» Work task
Would you please return the lines of the entries below starting at the line that has "1998-john-deere-4700-image-61" and ending at the line that has "adidas スタンスミス レディース 腕時計 稼働中｜PayPayフリマ", both included, exactly as they are?

» Entries provided
'''

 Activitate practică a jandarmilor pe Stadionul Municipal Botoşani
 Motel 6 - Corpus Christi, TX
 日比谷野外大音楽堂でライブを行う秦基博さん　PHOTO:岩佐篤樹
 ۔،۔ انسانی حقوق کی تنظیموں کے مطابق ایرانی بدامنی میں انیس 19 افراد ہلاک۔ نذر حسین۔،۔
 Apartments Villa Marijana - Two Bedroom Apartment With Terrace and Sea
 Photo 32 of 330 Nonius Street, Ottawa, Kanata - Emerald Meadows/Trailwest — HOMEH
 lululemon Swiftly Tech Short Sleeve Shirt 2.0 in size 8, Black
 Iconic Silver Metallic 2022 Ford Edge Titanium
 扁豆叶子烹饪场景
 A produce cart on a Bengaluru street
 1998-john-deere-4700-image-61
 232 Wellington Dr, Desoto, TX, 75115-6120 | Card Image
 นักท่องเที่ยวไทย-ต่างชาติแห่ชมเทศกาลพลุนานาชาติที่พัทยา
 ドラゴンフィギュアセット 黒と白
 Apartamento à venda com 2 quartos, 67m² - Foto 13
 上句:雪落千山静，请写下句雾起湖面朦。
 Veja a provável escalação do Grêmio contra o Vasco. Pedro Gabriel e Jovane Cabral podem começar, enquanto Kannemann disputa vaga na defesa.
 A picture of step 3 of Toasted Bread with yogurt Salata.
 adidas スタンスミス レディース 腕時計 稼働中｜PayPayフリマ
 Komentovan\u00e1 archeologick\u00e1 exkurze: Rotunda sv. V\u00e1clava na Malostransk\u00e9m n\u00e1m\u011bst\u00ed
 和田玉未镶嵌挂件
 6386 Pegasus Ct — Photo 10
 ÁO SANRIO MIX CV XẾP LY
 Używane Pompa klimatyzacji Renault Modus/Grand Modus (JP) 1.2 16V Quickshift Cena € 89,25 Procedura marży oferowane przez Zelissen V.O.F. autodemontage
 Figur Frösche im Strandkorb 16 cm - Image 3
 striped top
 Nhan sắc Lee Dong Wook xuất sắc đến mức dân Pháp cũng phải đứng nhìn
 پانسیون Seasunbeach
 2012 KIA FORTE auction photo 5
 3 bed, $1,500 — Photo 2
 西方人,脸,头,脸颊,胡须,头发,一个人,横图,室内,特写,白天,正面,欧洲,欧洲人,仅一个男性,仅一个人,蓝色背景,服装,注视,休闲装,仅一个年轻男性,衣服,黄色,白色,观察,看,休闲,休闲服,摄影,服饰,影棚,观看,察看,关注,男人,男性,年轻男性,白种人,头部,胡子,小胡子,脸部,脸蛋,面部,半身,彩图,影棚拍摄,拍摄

'''

» Answer to the problem
 1998-john-deere-4700-image-61
 232 Wellington Dr, Desoto, TX, 75115-6120 | Card Image
 นักท่องเที่ยวไทย-ต่างชาติแห่ชมเทศกาลพลุนานาชาติที่พัทยา
 ドラゴンフィギュアセット 黒と白
 Apartamento à venda com 2 quartos, 67m² - Foto 13
 上句:雪落千山静，请写下句雾起湖面朦。
 Veja a provável escalação do Grêmio contra o Vasco. Pedro Gabriel e Jovane Cabral podem começar, enquanto Kannemann disputa vaga na defesa.
 A picture of step 3 of Toasted Bread with yogurt Salata.
 adidas スタンスミス レディース 腕時計 稼働中｜PayPayフリマ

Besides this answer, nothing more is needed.